Tagore’s elaboration of the relationship between mother and child analogously highlights a crucial facet of the divine-human līlā of love – only by being born as a separate being can the child re-turn to its mother in love. So too has God gifted us each an irreducible “I,” without which we could not enjoy the modality of relationship: the play of love needs two distinct players. Tagore thus articulates the paradoxical fullness attained in and through renunciation (tyāg),[95] instantiated by the baby who “renounces” the shelter of the womb for the freedom of loving relation. Just as the child attains its mother when it leaves her womb, so too, when we are “parted” from God in God’s world-generating līlā, we become “free to see [His] face.”[96] In short, God’s spontaneous delight is in engaging us freely in the play of love, and it is in and through our own free re-turnings to God that this līlā is fulfilled: “if His bliss had not been manifested in me then I would never have existed.”[97]
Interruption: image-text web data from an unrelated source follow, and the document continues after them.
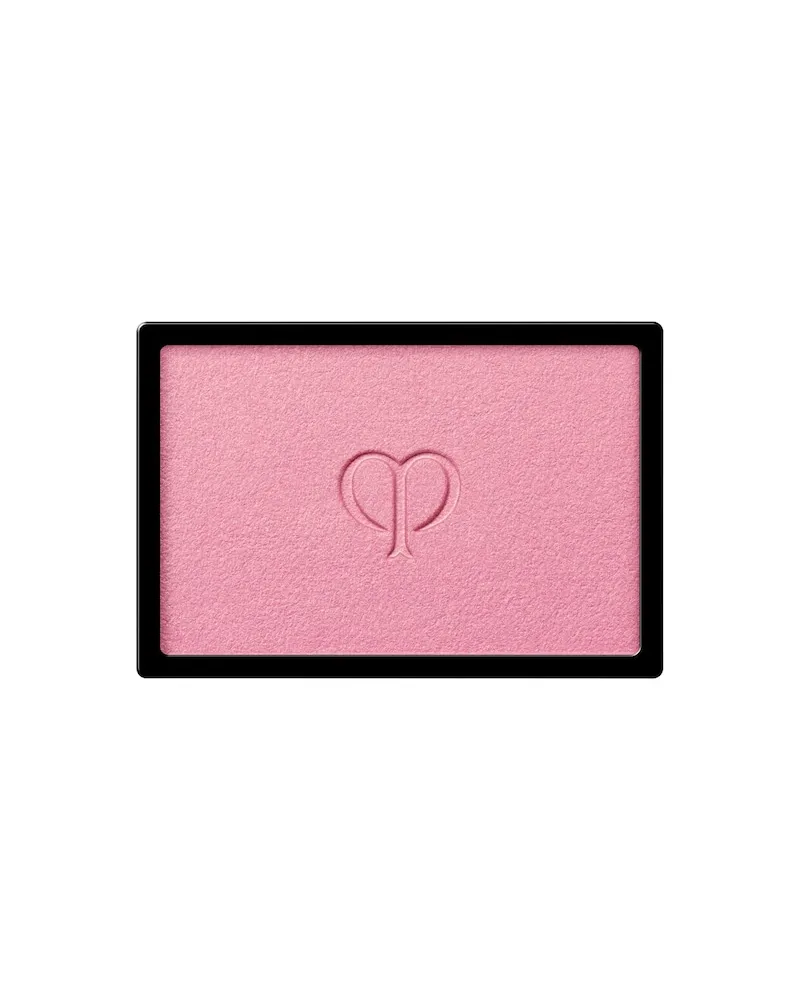 Clé de Peau Beauté Cle-de-Peau-Beaute Make-up AugenEye Color Solo (Nachfüllung) 101 Pink Ocean Dawn 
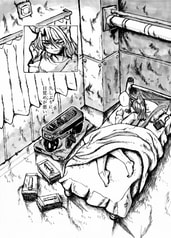 サンプル画像 No.2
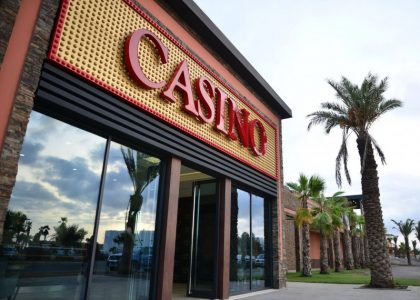 bez depozita verde casino za online kasina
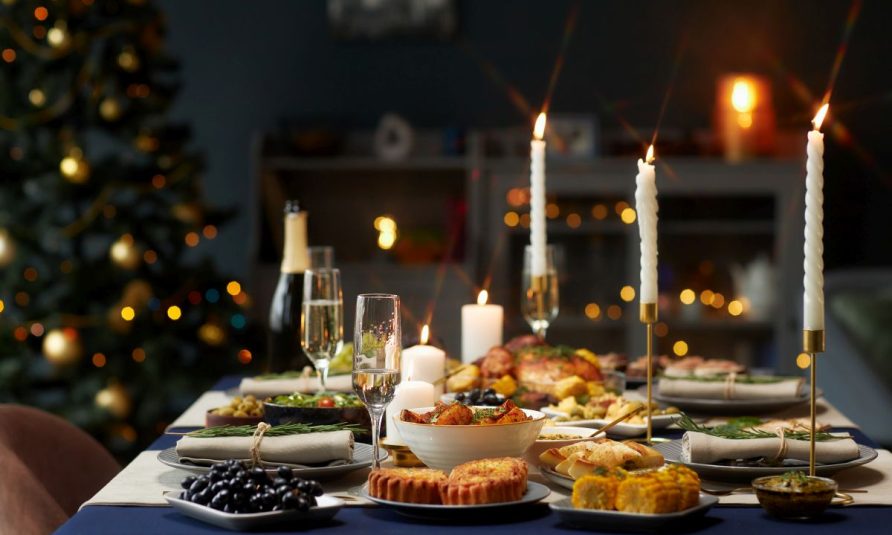 predlozi za ukrašavanje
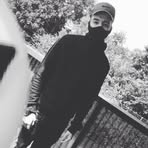 Declan Parker - Facebook
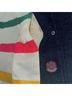 Pendleton Campbell Coat - photo 9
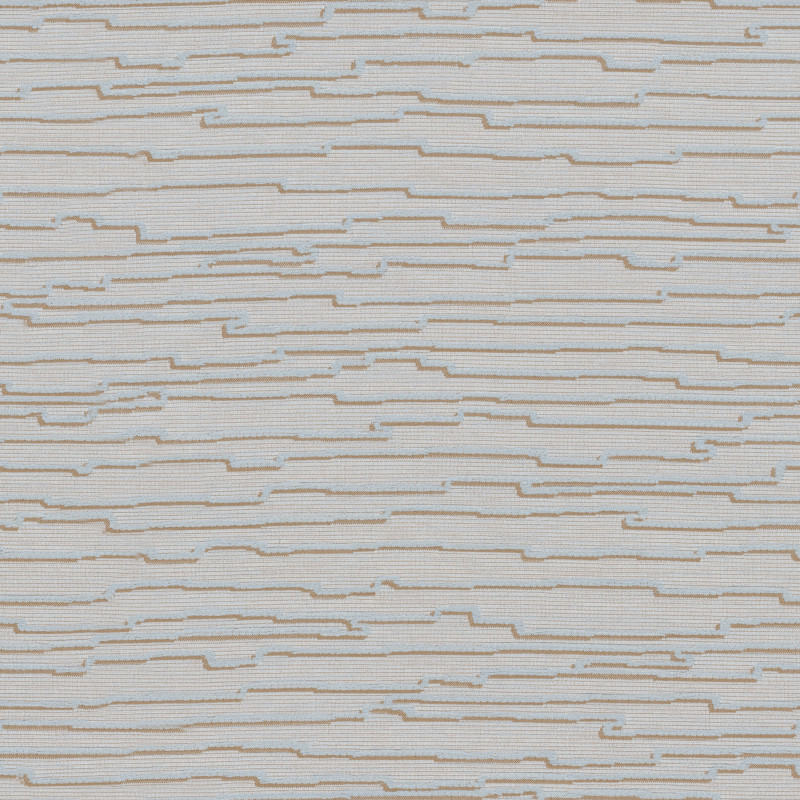 Stoff Brian 11025-584 von Ardecora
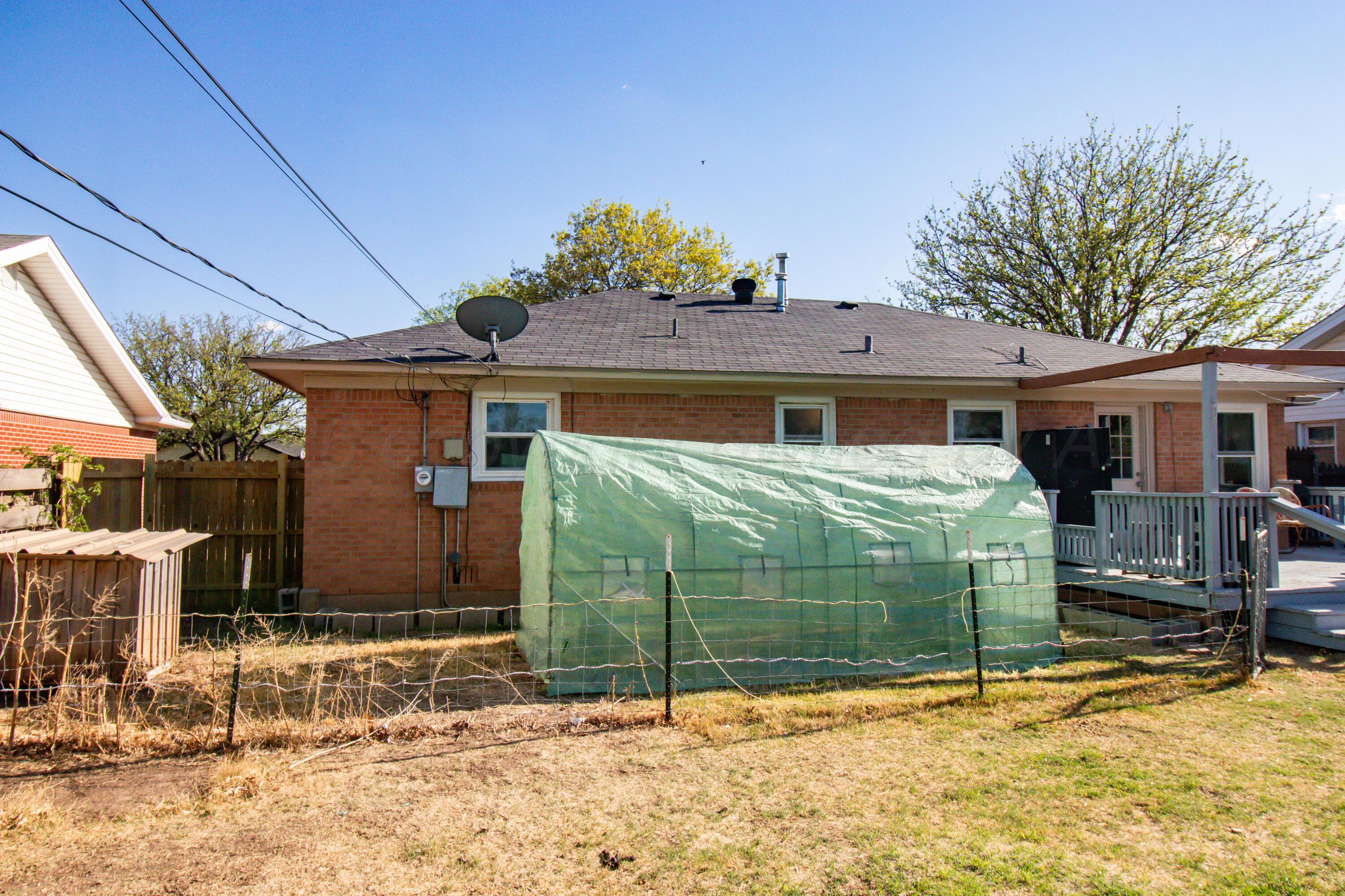 5120 Southwest 16th Avenue Amarillo, TX 79106 - Photo 23 of 26 023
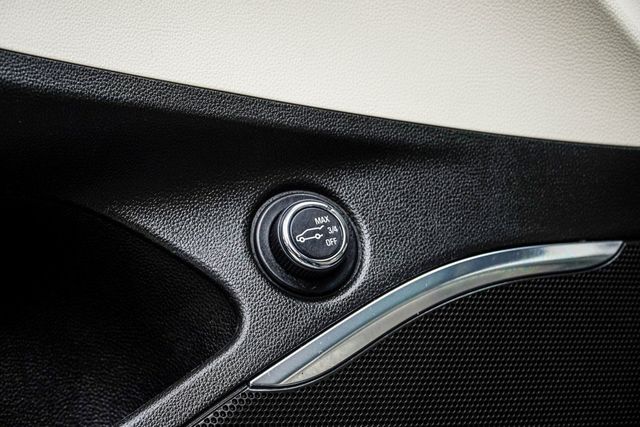 2023 Buick Enclave FWD 4dr Avenir - 22966787 - 33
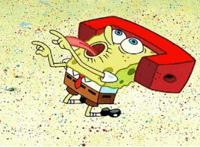 男女翘臀后入式邪恶动态图：30天深蹲翘臀动态图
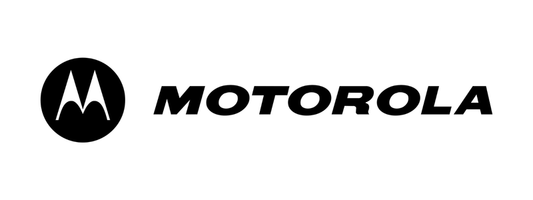 Motorola Phone Skins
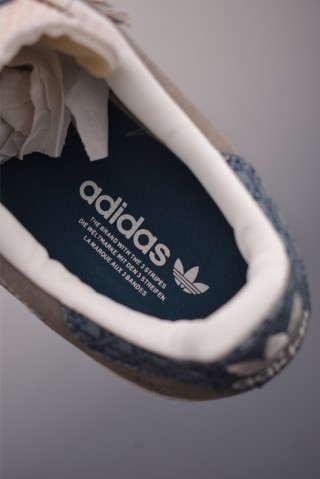 Adidas Originals Superstar 'White' view 9
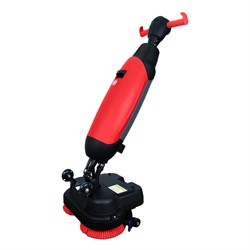 Поломоечная машина EVOLine SDB 360 173-223220 - фото 4788614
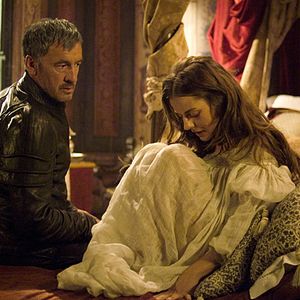 Foto Francis Lorenzo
Echoing Iqbal’s exhortation to qualify oneself with the divine qualities, Tagore affirms that we must resemble or become like the One with whom we seek union (tar matan hote hobe) by freely giving ourselves in love to the divine.[98] Our love thus has the character of a self-offering – God must wait for our will to attune itself with His own, for in the domain of love, where we meet God as collaborators, there can be no compulsion. In the “second birth” that marks the human being’s appearance on the stage of God’s vibrant līlā, God is Himself “awakened” to the joy of spiritual partnership, just as we too are called on to “awaken” our dormant love and realize that the divine bliss utterly enfolds us.[99]
5 Embodying Love’s Truth: The Artist as Witness and Respondent to God
5.1 Iqbal: The Poetic as Inheritor of the Prophetic
We have traced, then, the theological routes by which Iqbal and Tagore render a) the world as God’s dynamic domain of self-disclosure; b) the human being as creative associate or “partner” with God; and c) love as the existential force that binds the human and the divine in an intimate entanglement. In this final section, we turn to the theological aesthetics of both figures. As we will see, for both of our poets, it is supremely the artist who has “awakened” to the call of divine truth and has sought to respond in kind by mirroring the creative love that is the warp and weft of the cosmos.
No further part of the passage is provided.